Several introductory set theory books (Hrbacek & Jech, Enderton, Pinter) use very similar reasoning to develop the natural numbers. The argument used in Hrbacek & Jech (minus some supplementary explanatory comments) is pretty much word-for-word as follows:
Definition: The successor of a set $x$ is the set $S(x) = x \cup \{x\}$
We use the more suggestive notation $n + 1$ for $S(n)$ in what follows
Definition: A set $I$ is called inductive if
(a) $\emptyset \in I$
(b) If $n \in I$, then $(n + 1) \in I$
The Axiom of Infinity: An inductive set exists.
Definition: The set of all natural numbers is the set
$\mathbf{N} = \{x \mid x \in I$ for every inductive set $I\}$.

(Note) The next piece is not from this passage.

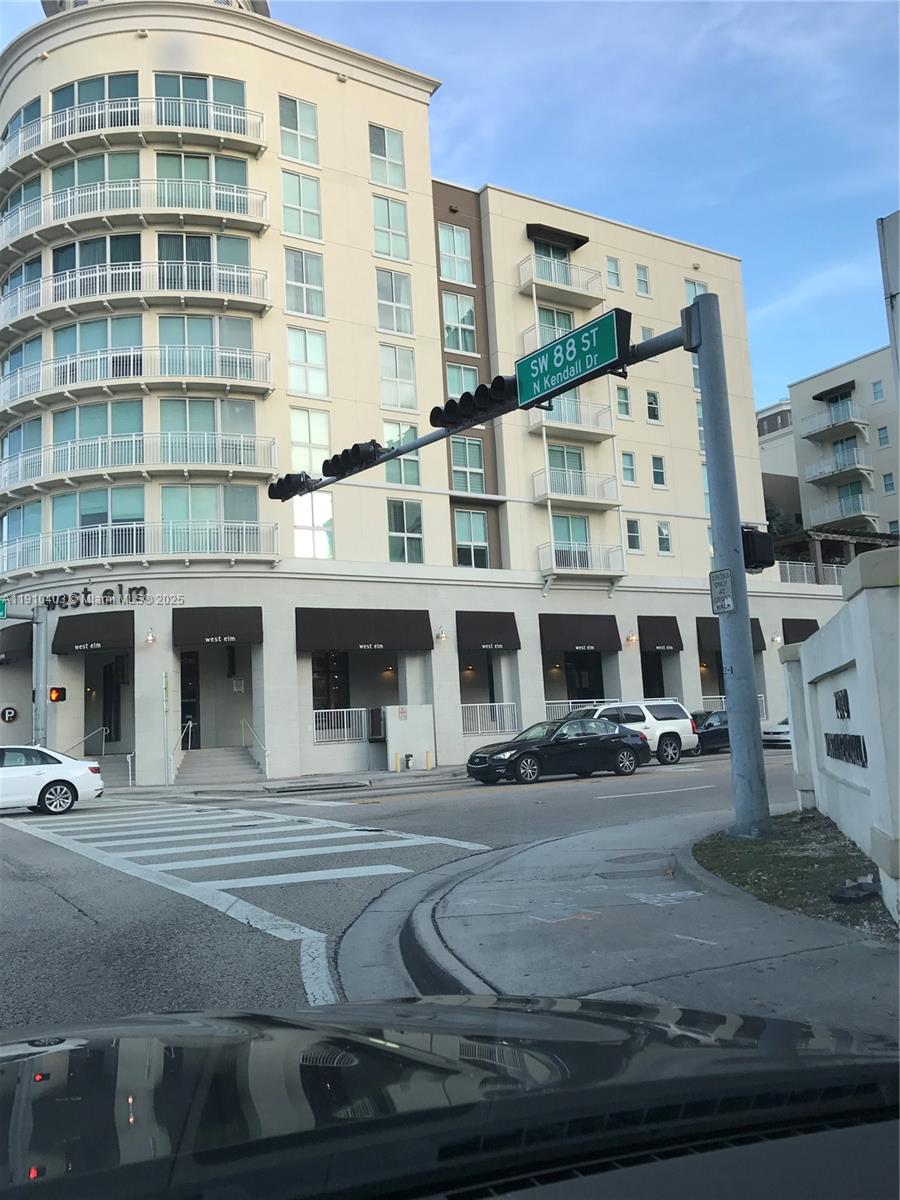 DOWNTOWN DADELAND CONDO N - Residential Lease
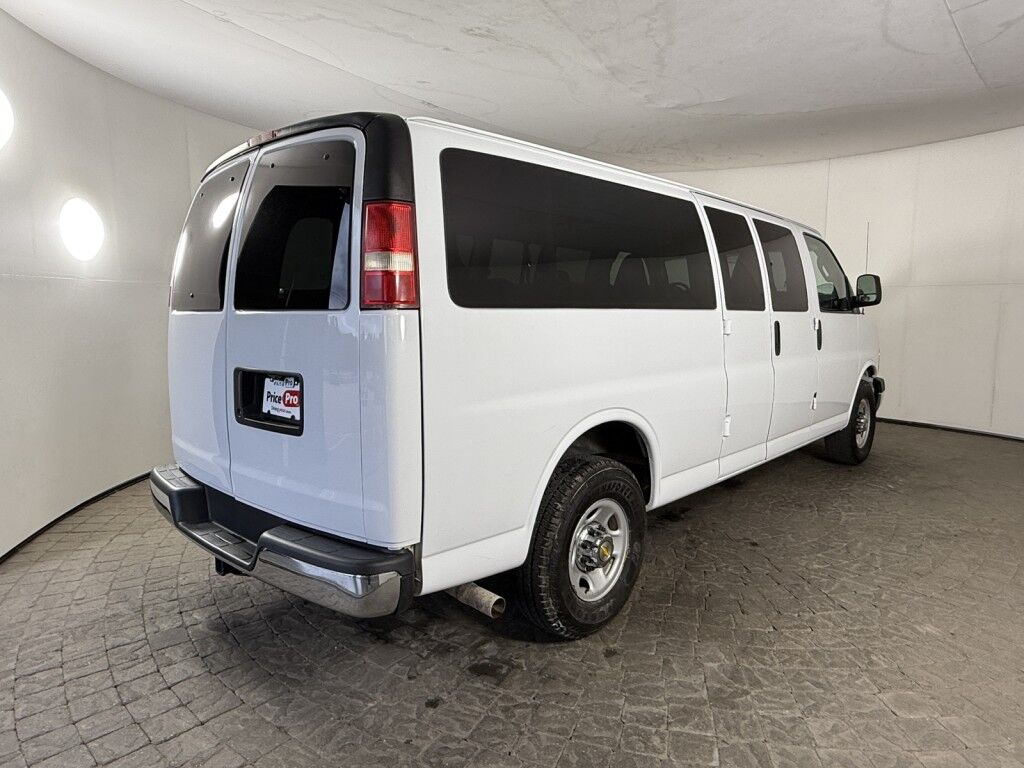 2016 Chevrolet Express Passenger 3500 LT Extended 15 Passenger Maumee OH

The issue I see with this is in the last step defining the set $\mathbf{N}$ of natural numbers (which is presumably supposed to yield an $\mathbf{N}$ equal to the set of all finite von Neumann ordinals): The Axiom of Infinity guarantees the existence of an inductive set (let's call it $I_0$). But the Axiom of Infinity does not guarantee that $I_0$ doesn't contain some other elements besides ordinals, nor does it (by itself) guarantee that any other inductive set besides $I_0$ exists. If $I_0$ is the only inductive set and it contains elements that are not ordinals, then "the set of elements belonging to every inductive set" is just $I_0$ itself, which is NOT what you want (given that $I_0$ contains non-ordinals).

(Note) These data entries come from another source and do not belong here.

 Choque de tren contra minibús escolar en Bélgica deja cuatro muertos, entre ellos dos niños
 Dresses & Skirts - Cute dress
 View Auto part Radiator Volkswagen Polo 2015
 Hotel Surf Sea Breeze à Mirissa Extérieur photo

In order for the above-quoted development of the natural numbers to work, it seems like you need another step in the argument to get from the existence of an inductive set to the existence of other inductive sets, so that their intersection will be guaranteed to yield just the finite ordinals. Presumably the Powerset Axiom could do this for you? Perhaps the use of the Powerset Axiom is assumed but not explicitly stated? But I would think that's not a step you should skip in an *introductory* text.
So, bottom-line question: Is this development of the natural numbers indeed incomplete, or am I just missing something here?